Tuesday, April 10, 2012

Thoughts about Ozzie Guillen and free speech


Freedom of speech is a right of every citizen in this country. What's often dismissed about it is the freedom others similarly have to react with their own thoughts to what somebody has said.
Ozzie Guillen made his own bed. His statement that he "loves" Fidel Castro, especially given he is the manager of the Marlins, in a city, Miami, so many people have gone to escape the oppression of Castro's Cuba, is deplorable.
When I heard the statement, I thought of Alex Sanchez, the former Tigers outfielder, and talking to him about his three days at sea during which he feared dying at 18 in open water on a makeshift raft trying to get this country from Cuba. Sanchez spent 16 months in a detention camp after being rescued by the Coast Guard, before he was allowed his freedom here.
The outrage in the Cuban community is not an overreaction. It is justified. Guillen couldn't have said anything worse in a town where Castro is viewed like Hitler.
Guillen has always been a loose cannon, but he is a manager that is generally respected in the game. I asked Jim Leyland about him a year or two ago and he said, "Ozzie is dumb like a fox."
I agree about his ability as a baseball manager. He is a good manager. His antics are usually funny.

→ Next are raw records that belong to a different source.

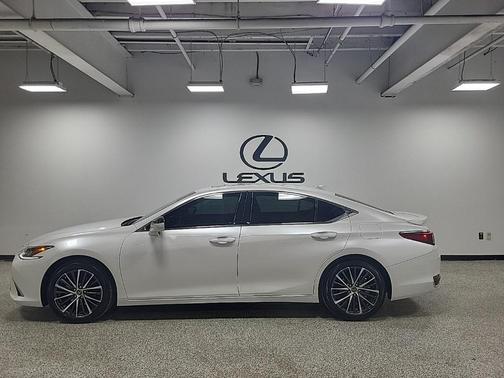 2025 Lexus ES 300h Base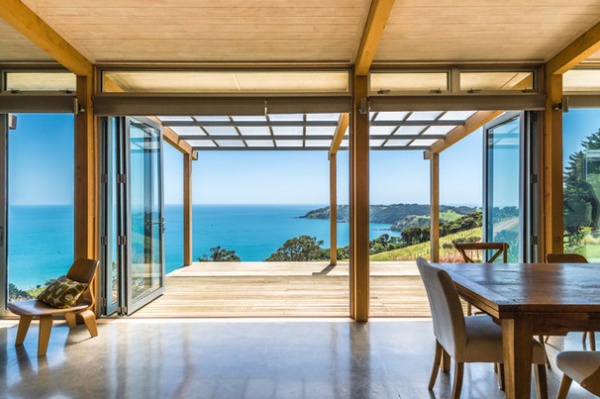 Contemporary Dining Room by Charissa Snijders Architect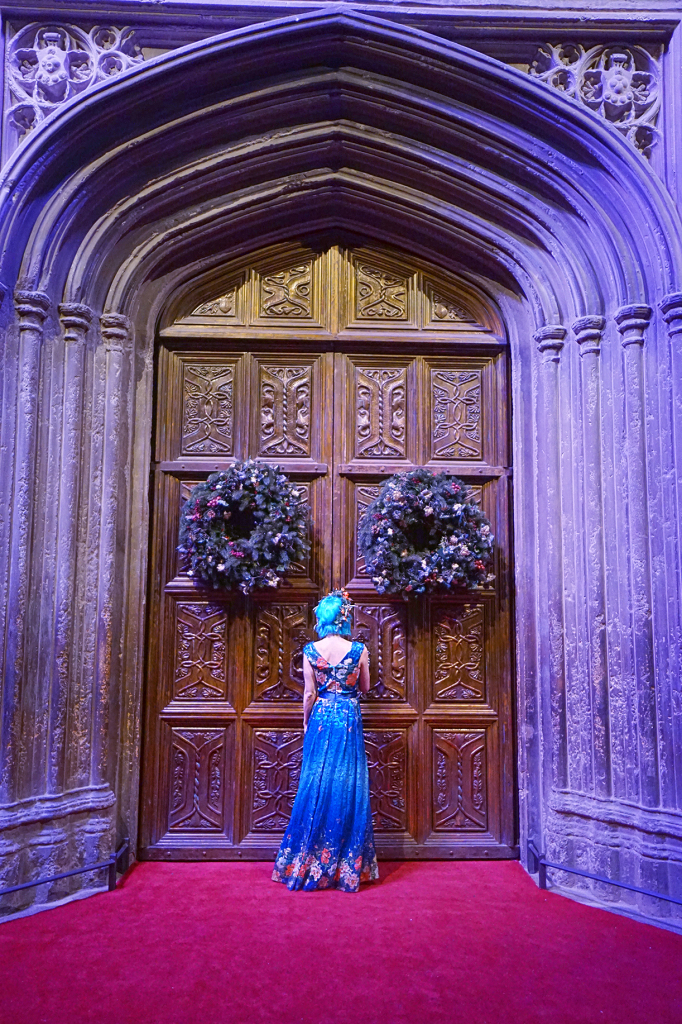 Destiny Blue comprou um jantar no Grande Salão de Hogwarts, com direito a um rápido passeio pelos estúdios de Harry Potter. Estamos com inveja!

Generally, he is likable, but he badly misspoke on this issue. The five-game suspension by the Marlins is justified. His apology was appropriately contrite, but the wound he opened is wide in the community he now resides. It will take a long time to heal. For many, it will never.
Thing about free speech and thought, it's their right, too.

2 Comments:

Anonymous Anonymous said...

I always liked Cuillen - he's a crazy nutjob but he loved to beat the Tigers and the same for us. He, however, got himself in some hot water on this one, forget free speech. That guy is nuts but I like him. I'll miss him in the Central.

6:18 PM 
Blogger Fred Brill said...

There are two sides to every coin, ad the flip side to your right to Free Speech is the consequences of your expression of a thought.

The right to free speech is not a force field to protect one from their critics.

Ozzie Guillen represents everything dirty about baseball to me. I'm still convinced that he was behind getting Cabrera pissed to the gills in the 2009 pennant race.

I have a sneaking suspicion that this was not as unitentional as Guillen proclaims.